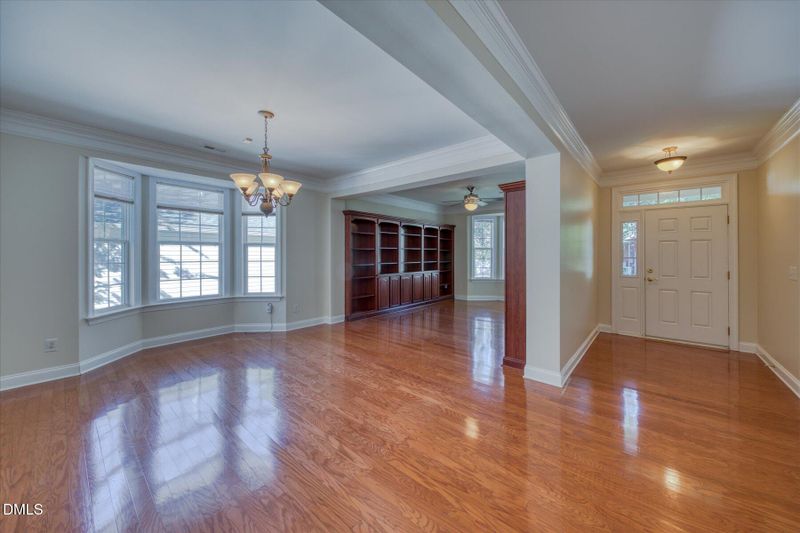 502 Quaker Dell Ln, Cary, NC 27519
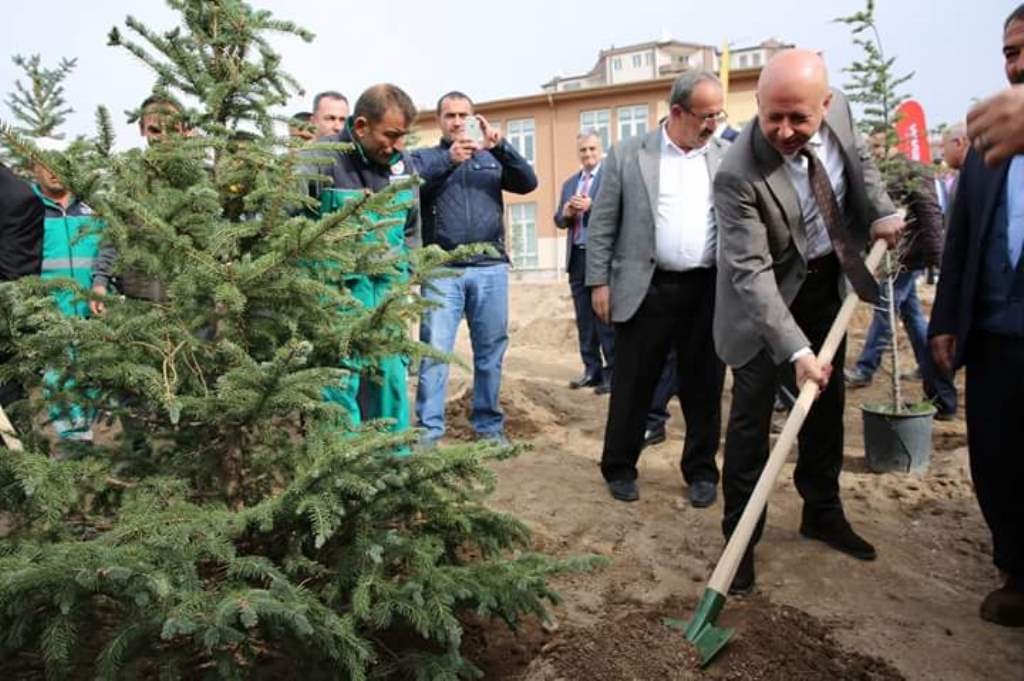 Kocasinan’da parklar görsel şölene hazırlanıyor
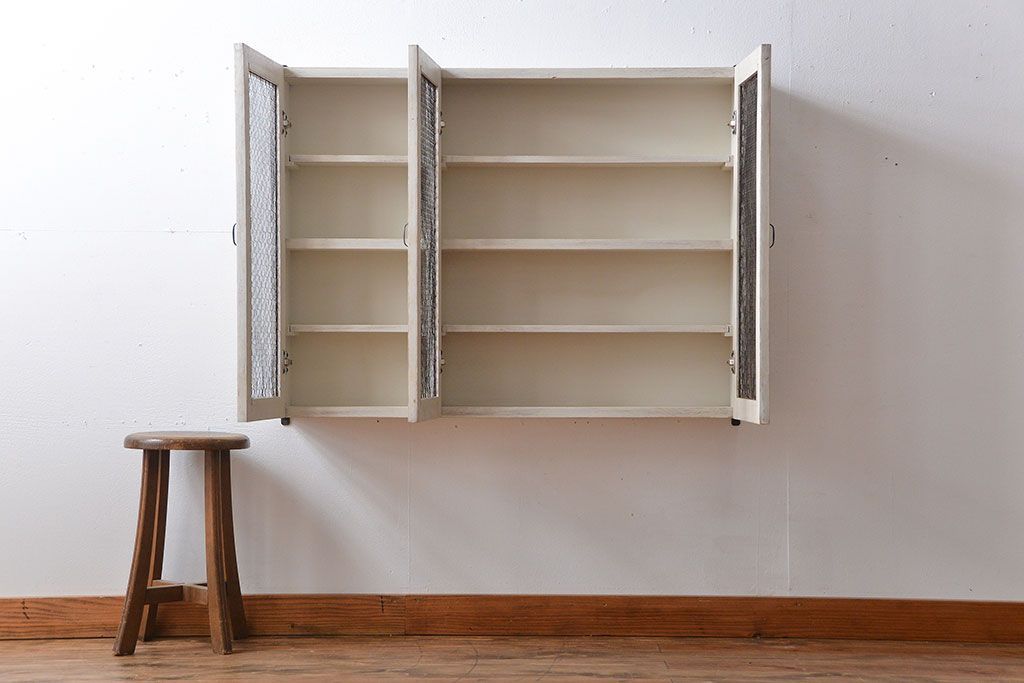 アンティーク家具　アンティークペイント　金網扉のウォールラック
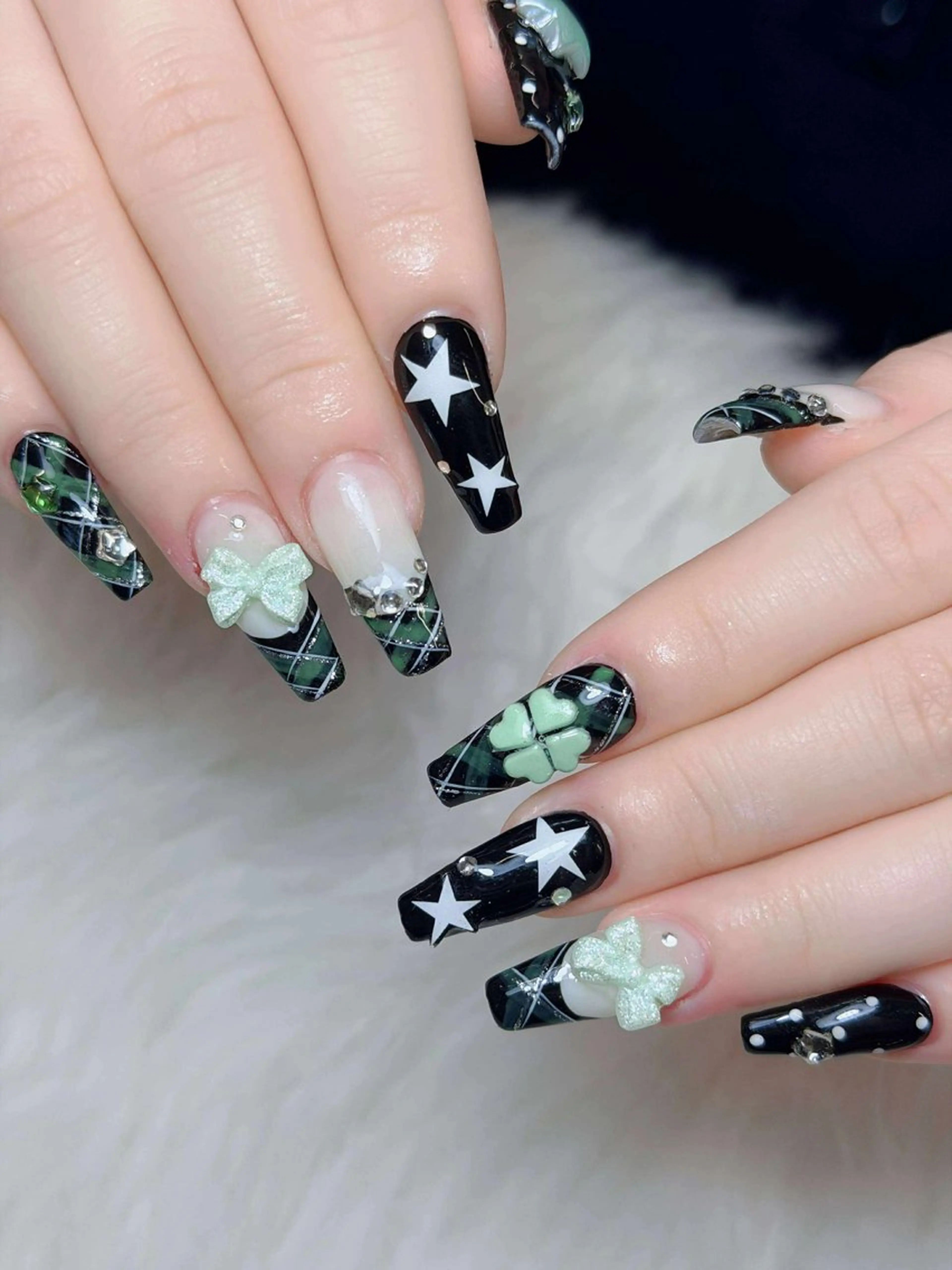 ネイル オーロラネイル チークネイル フットネイル フレンチネイル ハロウィン ハンドネイル Lumi Nail 新大久保3‘のネイルデザイン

## [Problem description]
Copy all the data exactly as written, but skip any picture.

## [Result of this task]
 502 Quaker Dell Ln, Cary, NC 27519
 Kocasinan’da parklar görsel şölene hazırlanıyor
 アンティーク家具　アンティークペイント　金網扉のウォールラック
 ネイル オーロラネイル チークネイル フットネイル フレンチネイル ハロウィン ハンドネイル Lumi Nail 新大久保3‘のネイルデザイン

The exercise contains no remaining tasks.